"French Braid," Anne Tyler's 24th novel, spans three generations of the Garrett family of Baltimore. At its heart are Robin and Mercy Garrett, married in the 1950s, tacitly separated 20 years later.
Robin is a plumber and Mercy is first a housewife and mother, and then an artist. She paints portraits of people's homes, focusing on one modest detail — a doorstop, a newel post, or the fringed trim of a curtain. "Am I missing something? she thought every now and then. Am I overlooking something?" It's a perfect Anne Tyler metaphor.
Once David, their youngest, heads off to college, Mercy quietly moves into her studio a few miles from home.
She plans the move carefully, avoiding confrontation. She packs lightly. "Not all her clothes. Oh, no. To look in her bureau drawers ... you would never suppose anything was missing."
Gradually, Mercy begins spending occasional nights at her studio until eventually she is there full time. She never discusses any of this with her husband. He never asks.

Life is easier with no confrontation, no arguing. The surface remains smooth, the marriage endures.
Families, as Tyler has shown so brilliantly over her long career — she is 80 now — are private, convoluted things, twisted and knotted together over generations like a braid.
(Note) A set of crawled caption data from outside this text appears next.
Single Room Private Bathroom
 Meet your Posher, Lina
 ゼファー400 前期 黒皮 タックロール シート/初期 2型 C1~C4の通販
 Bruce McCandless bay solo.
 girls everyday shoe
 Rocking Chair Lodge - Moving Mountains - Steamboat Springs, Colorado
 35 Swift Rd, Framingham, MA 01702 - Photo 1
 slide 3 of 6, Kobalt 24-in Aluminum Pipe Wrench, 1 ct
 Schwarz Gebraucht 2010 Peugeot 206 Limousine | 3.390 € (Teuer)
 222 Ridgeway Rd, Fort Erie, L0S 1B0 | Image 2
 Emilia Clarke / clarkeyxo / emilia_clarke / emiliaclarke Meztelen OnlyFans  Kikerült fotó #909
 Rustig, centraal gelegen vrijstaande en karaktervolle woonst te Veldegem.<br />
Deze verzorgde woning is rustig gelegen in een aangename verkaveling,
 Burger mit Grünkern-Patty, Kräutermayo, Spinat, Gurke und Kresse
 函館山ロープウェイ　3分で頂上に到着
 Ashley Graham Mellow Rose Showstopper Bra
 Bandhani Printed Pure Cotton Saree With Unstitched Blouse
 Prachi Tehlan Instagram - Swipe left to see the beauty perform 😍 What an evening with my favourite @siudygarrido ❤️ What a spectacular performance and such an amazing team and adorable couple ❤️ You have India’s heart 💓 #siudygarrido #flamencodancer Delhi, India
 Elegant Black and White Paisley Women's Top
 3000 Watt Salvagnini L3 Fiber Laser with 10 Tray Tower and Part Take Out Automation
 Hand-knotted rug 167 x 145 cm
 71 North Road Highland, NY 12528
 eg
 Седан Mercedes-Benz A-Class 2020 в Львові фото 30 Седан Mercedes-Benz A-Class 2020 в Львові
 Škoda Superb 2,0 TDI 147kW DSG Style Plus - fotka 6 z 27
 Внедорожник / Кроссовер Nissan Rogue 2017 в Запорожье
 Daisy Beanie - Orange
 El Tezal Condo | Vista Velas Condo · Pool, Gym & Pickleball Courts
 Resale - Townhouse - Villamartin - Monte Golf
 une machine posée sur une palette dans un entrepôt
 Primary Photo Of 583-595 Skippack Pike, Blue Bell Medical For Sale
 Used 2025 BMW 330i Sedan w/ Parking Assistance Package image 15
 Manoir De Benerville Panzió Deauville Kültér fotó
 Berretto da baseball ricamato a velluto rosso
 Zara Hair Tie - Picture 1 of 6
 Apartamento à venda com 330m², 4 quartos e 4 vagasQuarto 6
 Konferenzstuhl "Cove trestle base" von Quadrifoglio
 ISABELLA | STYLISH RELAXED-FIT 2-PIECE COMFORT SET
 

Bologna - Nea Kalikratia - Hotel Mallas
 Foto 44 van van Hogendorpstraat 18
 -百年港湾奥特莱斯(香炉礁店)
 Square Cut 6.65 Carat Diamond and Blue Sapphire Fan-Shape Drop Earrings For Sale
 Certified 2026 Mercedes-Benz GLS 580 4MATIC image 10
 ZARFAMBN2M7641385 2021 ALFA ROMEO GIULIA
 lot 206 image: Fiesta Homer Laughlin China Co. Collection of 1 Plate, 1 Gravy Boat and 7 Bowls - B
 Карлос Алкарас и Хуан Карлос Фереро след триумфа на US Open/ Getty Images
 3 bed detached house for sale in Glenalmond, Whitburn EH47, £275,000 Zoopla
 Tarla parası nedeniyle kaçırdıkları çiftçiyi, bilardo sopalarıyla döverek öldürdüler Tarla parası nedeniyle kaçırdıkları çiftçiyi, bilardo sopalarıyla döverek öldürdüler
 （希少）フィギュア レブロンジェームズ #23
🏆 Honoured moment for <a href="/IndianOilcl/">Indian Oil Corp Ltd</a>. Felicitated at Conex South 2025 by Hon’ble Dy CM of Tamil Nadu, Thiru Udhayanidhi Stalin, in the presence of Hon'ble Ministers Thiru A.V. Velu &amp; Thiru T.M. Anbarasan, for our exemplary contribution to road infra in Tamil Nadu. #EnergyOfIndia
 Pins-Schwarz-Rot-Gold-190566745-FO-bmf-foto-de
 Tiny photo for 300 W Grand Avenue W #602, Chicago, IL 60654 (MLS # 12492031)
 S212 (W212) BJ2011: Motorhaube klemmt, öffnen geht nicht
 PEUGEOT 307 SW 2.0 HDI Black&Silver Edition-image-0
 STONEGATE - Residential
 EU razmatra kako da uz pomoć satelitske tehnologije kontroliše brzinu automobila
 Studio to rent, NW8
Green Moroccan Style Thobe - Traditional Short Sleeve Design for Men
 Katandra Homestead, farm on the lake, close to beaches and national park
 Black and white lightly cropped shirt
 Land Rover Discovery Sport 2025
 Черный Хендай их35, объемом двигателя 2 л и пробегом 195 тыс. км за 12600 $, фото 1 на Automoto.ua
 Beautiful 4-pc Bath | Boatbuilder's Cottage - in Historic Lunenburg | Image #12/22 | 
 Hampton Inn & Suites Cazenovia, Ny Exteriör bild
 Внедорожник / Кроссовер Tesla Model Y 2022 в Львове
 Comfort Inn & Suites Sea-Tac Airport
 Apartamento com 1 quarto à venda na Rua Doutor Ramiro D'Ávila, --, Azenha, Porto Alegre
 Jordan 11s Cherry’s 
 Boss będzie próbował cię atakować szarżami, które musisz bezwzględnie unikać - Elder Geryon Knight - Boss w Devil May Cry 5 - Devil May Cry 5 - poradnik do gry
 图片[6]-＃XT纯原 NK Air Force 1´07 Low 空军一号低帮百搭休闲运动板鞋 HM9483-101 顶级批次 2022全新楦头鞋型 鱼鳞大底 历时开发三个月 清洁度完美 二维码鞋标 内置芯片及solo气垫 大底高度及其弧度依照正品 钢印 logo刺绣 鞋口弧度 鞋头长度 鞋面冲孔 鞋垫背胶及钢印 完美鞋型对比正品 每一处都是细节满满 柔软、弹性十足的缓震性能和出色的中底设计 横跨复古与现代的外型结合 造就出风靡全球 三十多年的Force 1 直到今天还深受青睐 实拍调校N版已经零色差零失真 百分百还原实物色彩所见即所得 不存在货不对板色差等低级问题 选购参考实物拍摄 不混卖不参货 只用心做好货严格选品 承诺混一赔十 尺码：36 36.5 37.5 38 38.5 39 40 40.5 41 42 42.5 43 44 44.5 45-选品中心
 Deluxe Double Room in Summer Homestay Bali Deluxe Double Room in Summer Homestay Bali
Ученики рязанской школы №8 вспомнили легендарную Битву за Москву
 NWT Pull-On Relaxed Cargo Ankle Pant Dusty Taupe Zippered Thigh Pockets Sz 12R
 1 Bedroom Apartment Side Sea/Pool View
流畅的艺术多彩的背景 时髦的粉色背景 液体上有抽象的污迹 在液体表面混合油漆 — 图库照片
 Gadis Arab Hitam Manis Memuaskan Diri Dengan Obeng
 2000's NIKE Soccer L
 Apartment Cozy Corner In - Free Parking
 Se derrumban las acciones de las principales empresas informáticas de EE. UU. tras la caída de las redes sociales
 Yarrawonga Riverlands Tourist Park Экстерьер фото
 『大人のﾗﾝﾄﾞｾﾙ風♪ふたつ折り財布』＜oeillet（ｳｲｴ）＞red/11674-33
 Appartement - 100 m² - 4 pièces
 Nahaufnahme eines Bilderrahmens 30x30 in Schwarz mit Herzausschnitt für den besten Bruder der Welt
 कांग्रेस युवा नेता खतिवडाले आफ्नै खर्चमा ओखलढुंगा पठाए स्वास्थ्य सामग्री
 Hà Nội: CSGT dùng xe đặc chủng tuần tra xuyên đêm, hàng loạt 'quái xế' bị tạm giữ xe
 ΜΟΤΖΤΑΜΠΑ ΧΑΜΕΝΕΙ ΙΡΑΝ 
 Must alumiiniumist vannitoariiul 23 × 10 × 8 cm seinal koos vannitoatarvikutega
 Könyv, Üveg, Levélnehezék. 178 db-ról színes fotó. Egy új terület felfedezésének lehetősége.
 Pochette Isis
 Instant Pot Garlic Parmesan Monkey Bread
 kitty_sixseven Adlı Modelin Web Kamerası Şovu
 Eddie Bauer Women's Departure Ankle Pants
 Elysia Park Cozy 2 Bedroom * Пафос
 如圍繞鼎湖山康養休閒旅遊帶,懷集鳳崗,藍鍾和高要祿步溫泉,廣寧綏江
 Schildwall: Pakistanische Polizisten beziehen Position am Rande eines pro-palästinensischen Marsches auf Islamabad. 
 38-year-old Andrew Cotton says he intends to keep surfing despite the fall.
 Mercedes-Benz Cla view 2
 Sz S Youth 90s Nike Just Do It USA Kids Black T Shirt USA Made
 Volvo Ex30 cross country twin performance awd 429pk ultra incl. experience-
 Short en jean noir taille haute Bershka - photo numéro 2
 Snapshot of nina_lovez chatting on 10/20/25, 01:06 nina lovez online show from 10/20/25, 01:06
And not even a simple three-strand braid; more like a complicated French braid, one that takes in more and more strands as it progresses.
Behaviors and attitudes from one generation are braided into the next, and so the Garrett children and grandchildren absorb their parents' need for avoidance. "Oh, the lengths this family would go to so as not to spoil the picture of how things were supposed to be!" Tyler writes.